▸ **Task description**: Carry none of the pictures over; write out the complete data exactly.

▸ **Data for review**:
<<<<

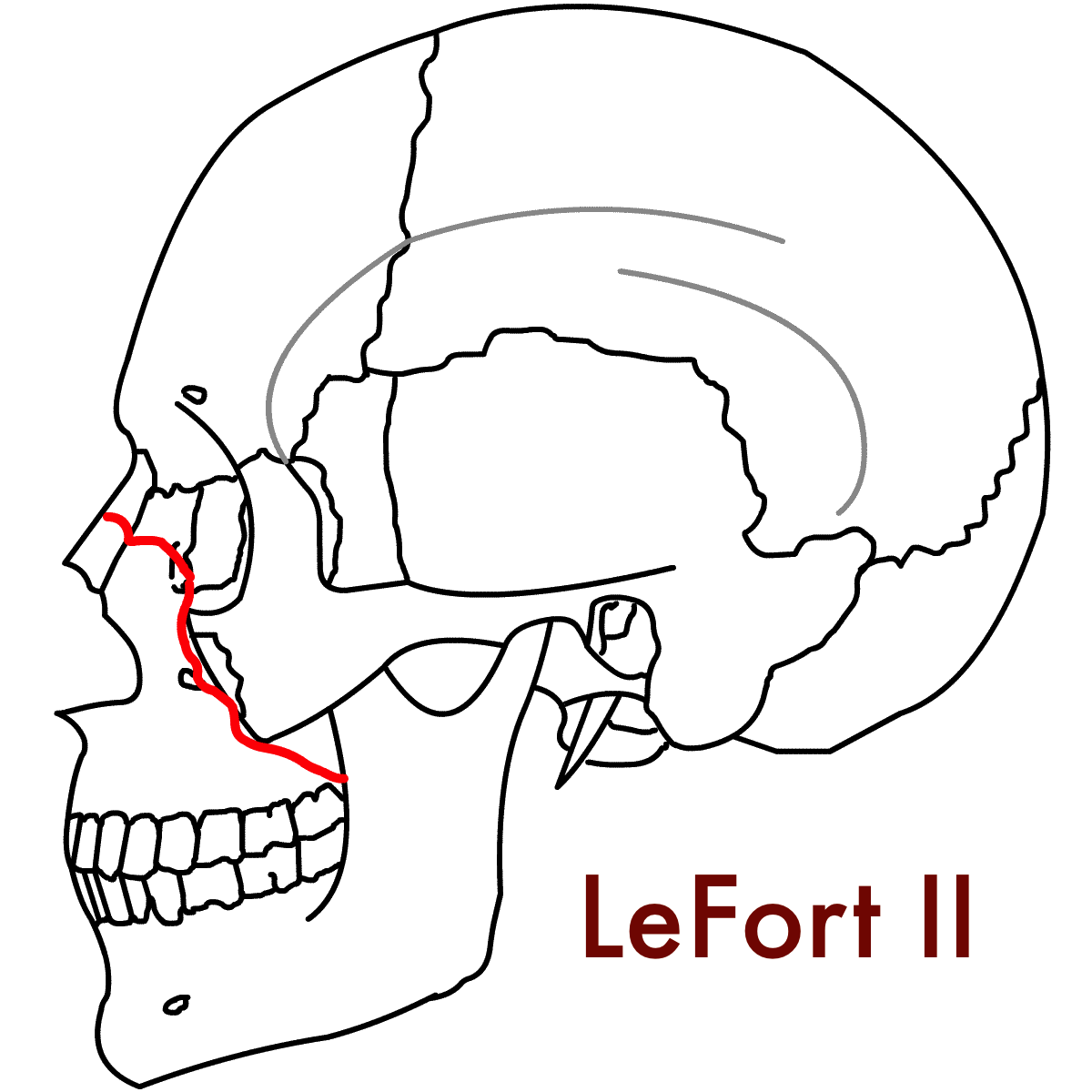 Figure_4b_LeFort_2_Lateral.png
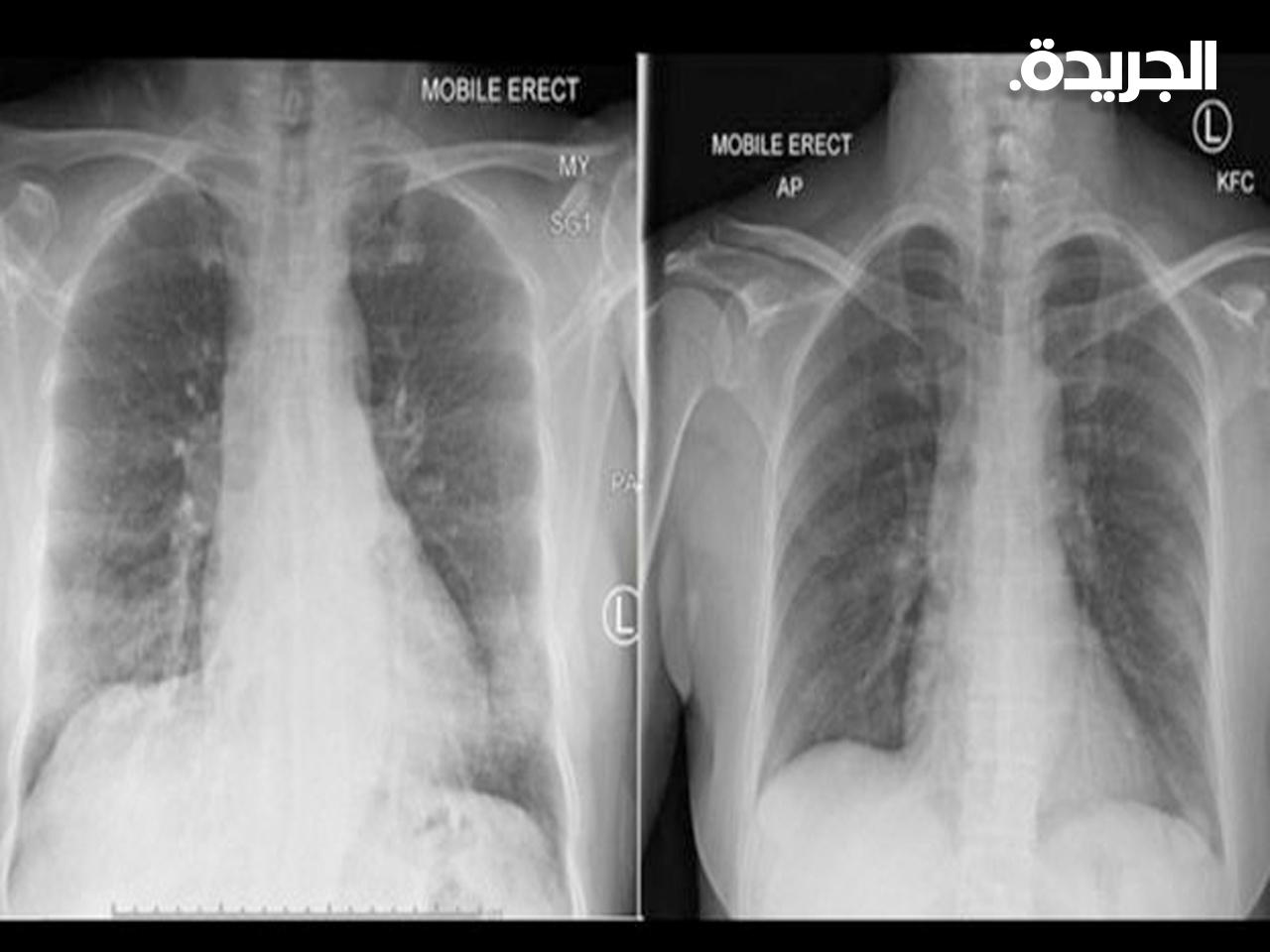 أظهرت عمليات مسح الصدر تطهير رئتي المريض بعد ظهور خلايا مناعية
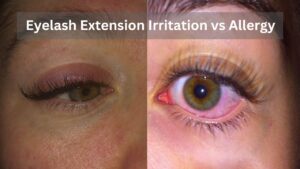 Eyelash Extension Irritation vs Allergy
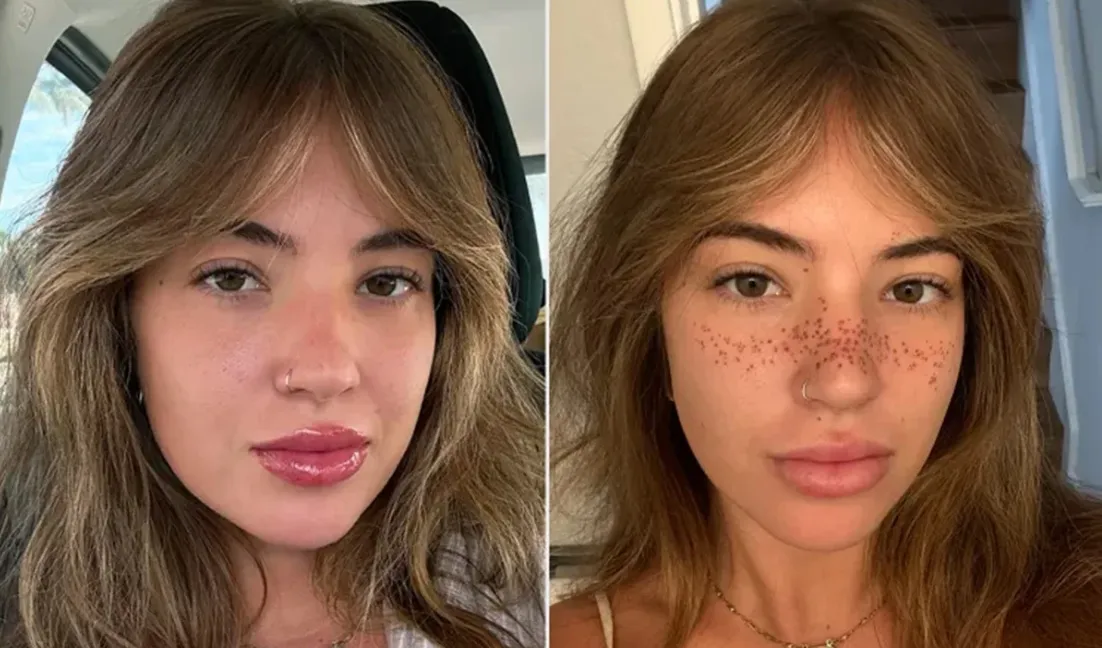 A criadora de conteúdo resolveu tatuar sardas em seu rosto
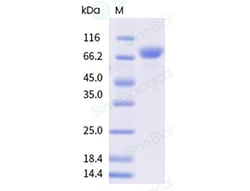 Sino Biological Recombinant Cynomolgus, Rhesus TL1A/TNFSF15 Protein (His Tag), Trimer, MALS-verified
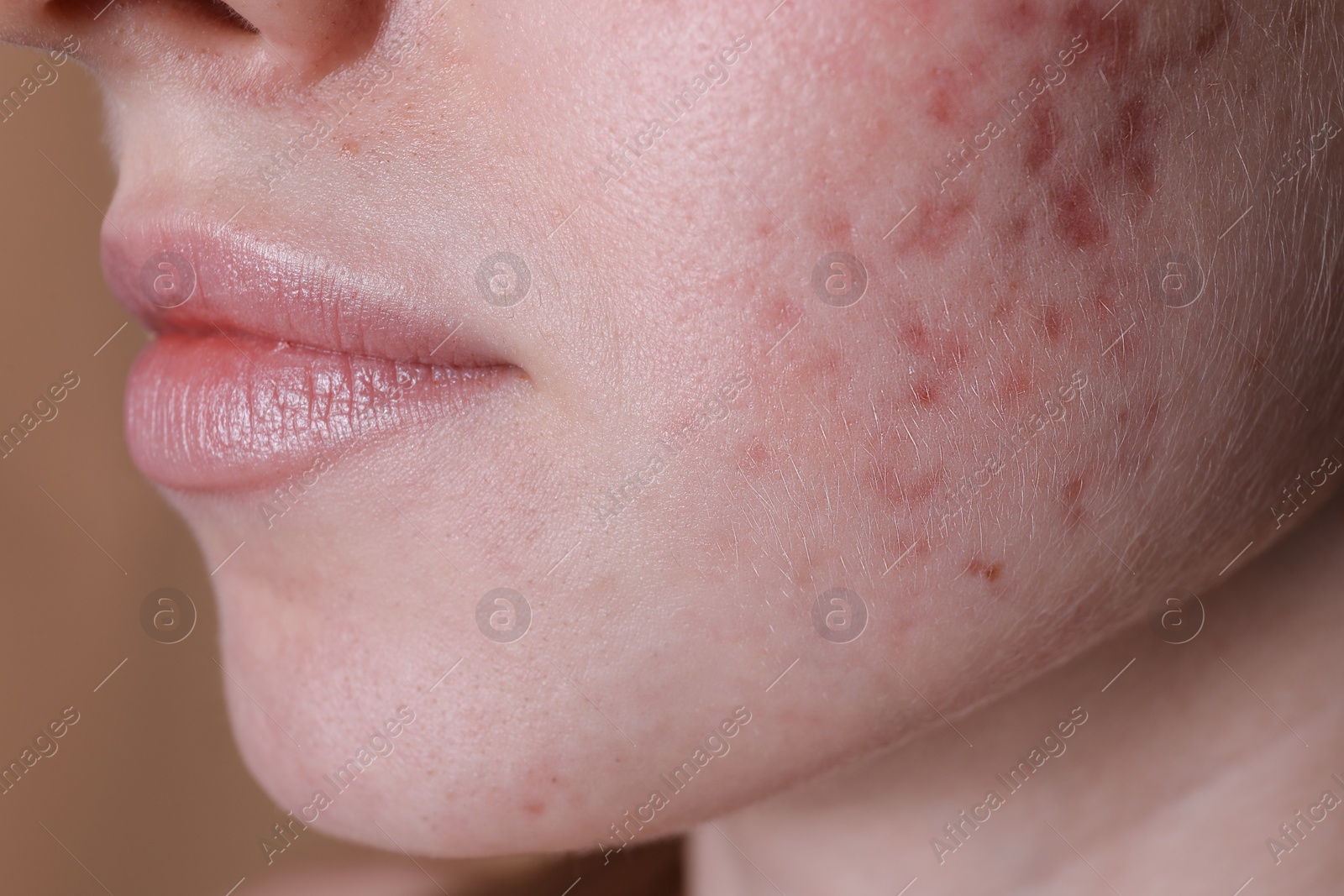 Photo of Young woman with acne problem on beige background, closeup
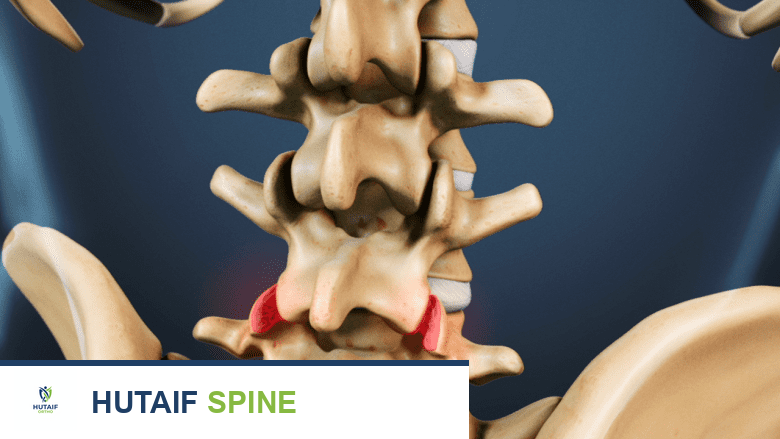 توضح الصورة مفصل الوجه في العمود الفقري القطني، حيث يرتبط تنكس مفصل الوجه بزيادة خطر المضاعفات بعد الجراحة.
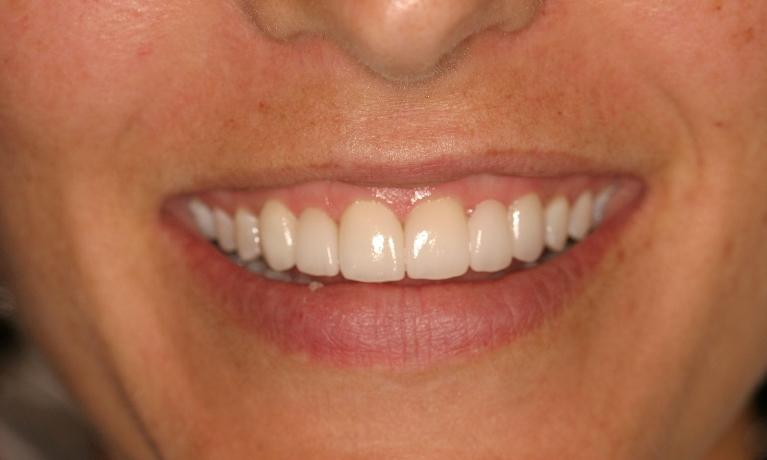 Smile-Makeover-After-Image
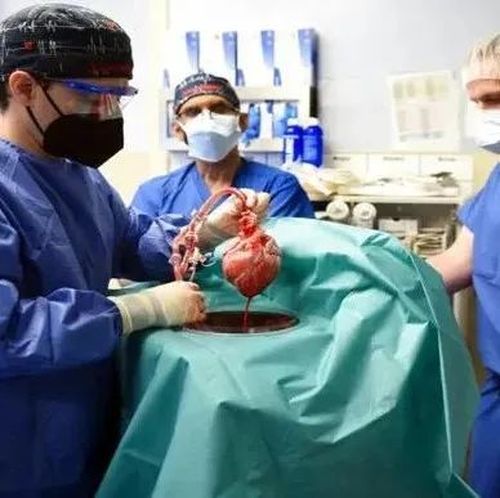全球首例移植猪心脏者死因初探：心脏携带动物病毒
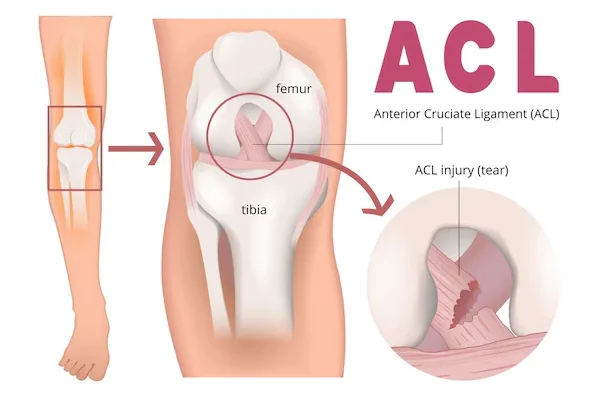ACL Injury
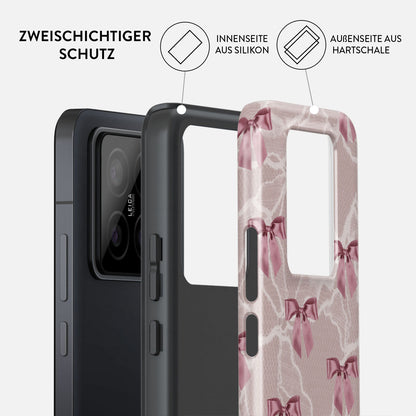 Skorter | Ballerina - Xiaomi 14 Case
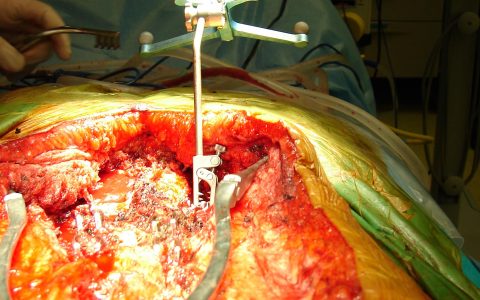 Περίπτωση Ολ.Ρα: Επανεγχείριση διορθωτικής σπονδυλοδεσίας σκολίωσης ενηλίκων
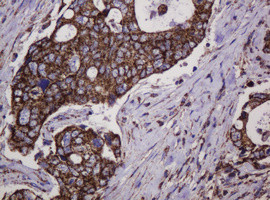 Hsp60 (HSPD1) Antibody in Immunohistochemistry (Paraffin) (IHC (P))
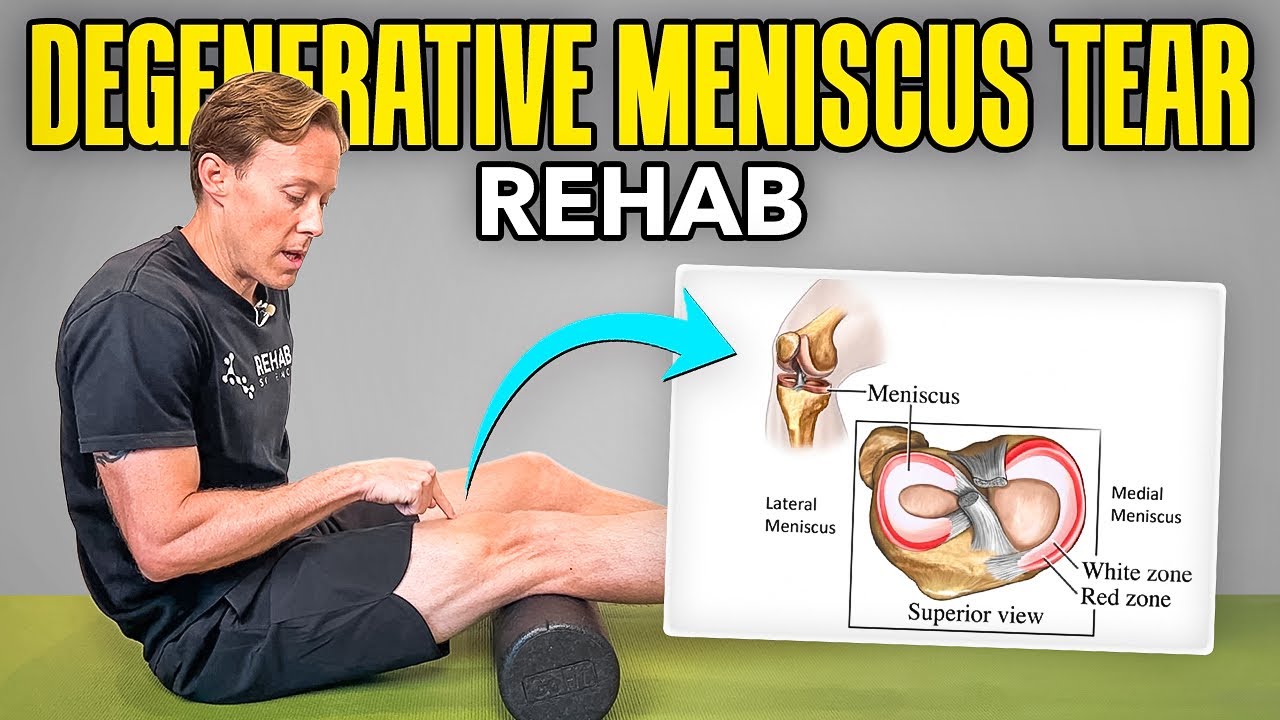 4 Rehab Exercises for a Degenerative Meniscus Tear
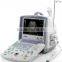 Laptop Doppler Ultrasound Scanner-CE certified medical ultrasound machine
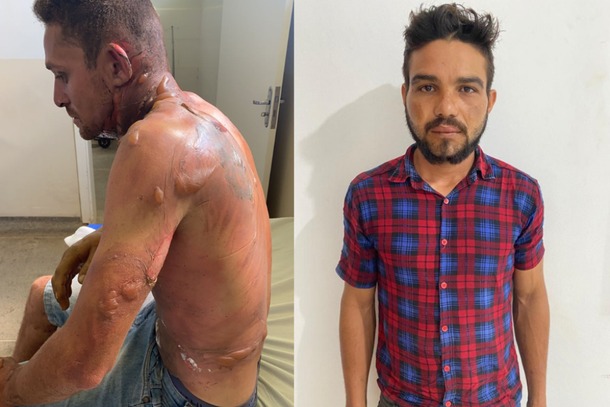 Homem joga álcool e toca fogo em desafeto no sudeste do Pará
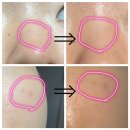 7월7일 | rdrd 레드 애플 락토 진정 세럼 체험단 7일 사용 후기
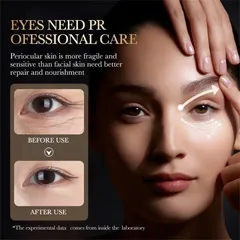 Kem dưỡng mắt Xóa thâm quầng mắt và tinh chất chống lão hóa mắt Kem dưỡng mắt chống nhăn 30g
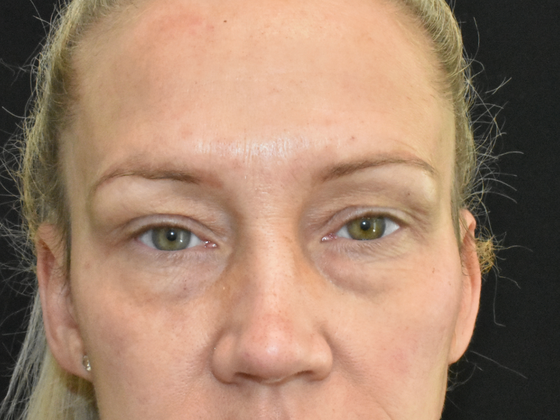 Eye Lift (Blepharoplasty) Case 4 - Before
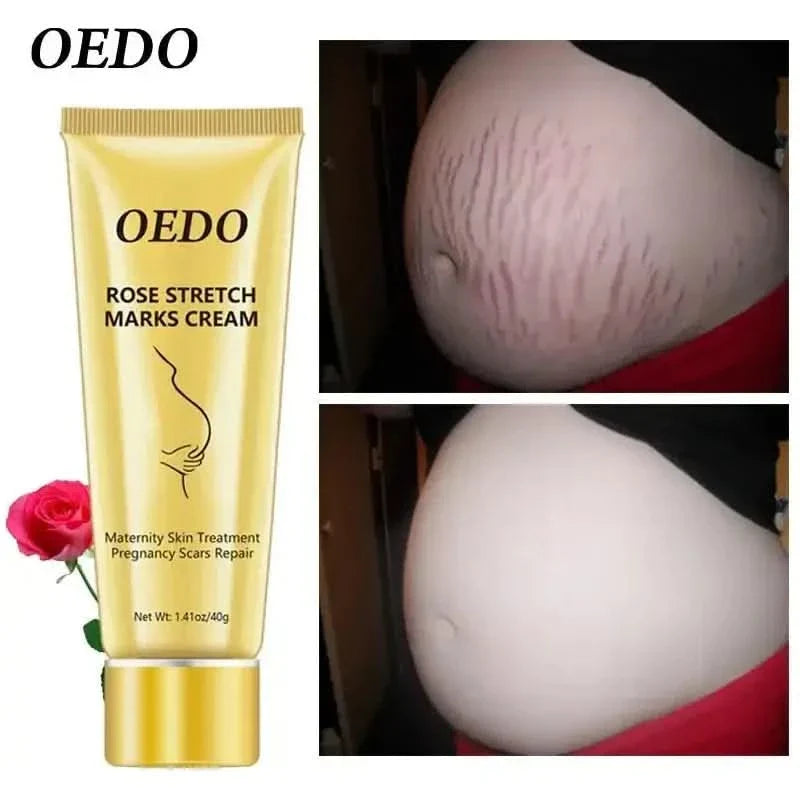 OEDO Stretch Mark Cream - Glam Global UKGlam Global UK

>>>>

▸ **Response area**:
 Figure_4b_LeFort_2_Lateral.png
 أظهرت عمليات مسح الصدر تطهير رئتي المريض بعد ظهور خلايا مناعية
 Eyelash Extension Irritation vs Allergy
 A criadora de conteúdo resolveu tatuar sardas em seu rosto
 Sino Biological Recombinant Cynomolgus, Rhesus TL1A/TNFSF15 Protein (His Tag), Trimer, MALS-verified
 Photo of Young woman with acne problem on beige background, closeup
 توضح الصورة مفصل الوجه في العمود الفقري القطني، حيث يرتبط تنكس مفصل الوجه بزيادة خطر المضاعفات بعد الجراحة.
 Smile-Makeover-After-Image
全球首例移植猪心脏者死因初探：心脏携带动物病毒
ACL Injury
 Skorter | Ballerina - Xiaomi 14 Case
 Περίπτωση Ολ.Ρα: Επανεγχείριση διορθωτικής σπονδυλοδεσίας σκολίωσης ενηλίκων
 Hsp60 (HSPD1) Antibody in Immunohistochemistry (Paraffin) (IHC (P))
 4 Rehab Exercises for a Degenerative Meniscus Tear
 Laptop Doppler Ultrasound Scanner-CE certified medical ultrasound machine
 Homem joga álcool e toca fogo em desafeto no sudeste do Pará
 7월7일 | rdrd 레드 애플 락토 진정 세럼 체험단 7일 사용 후기
 Kem dưỡng mắt Xóa thâm quầng mắt và tinh chất chống lão hóa mắt Kem dưỡng mắt chống nhăn 30g
 Eye Lift (Blepharoplasty) Case 4 - Before
 OEDO Stretch Mark Cream - Glam Global UKGlam Global UK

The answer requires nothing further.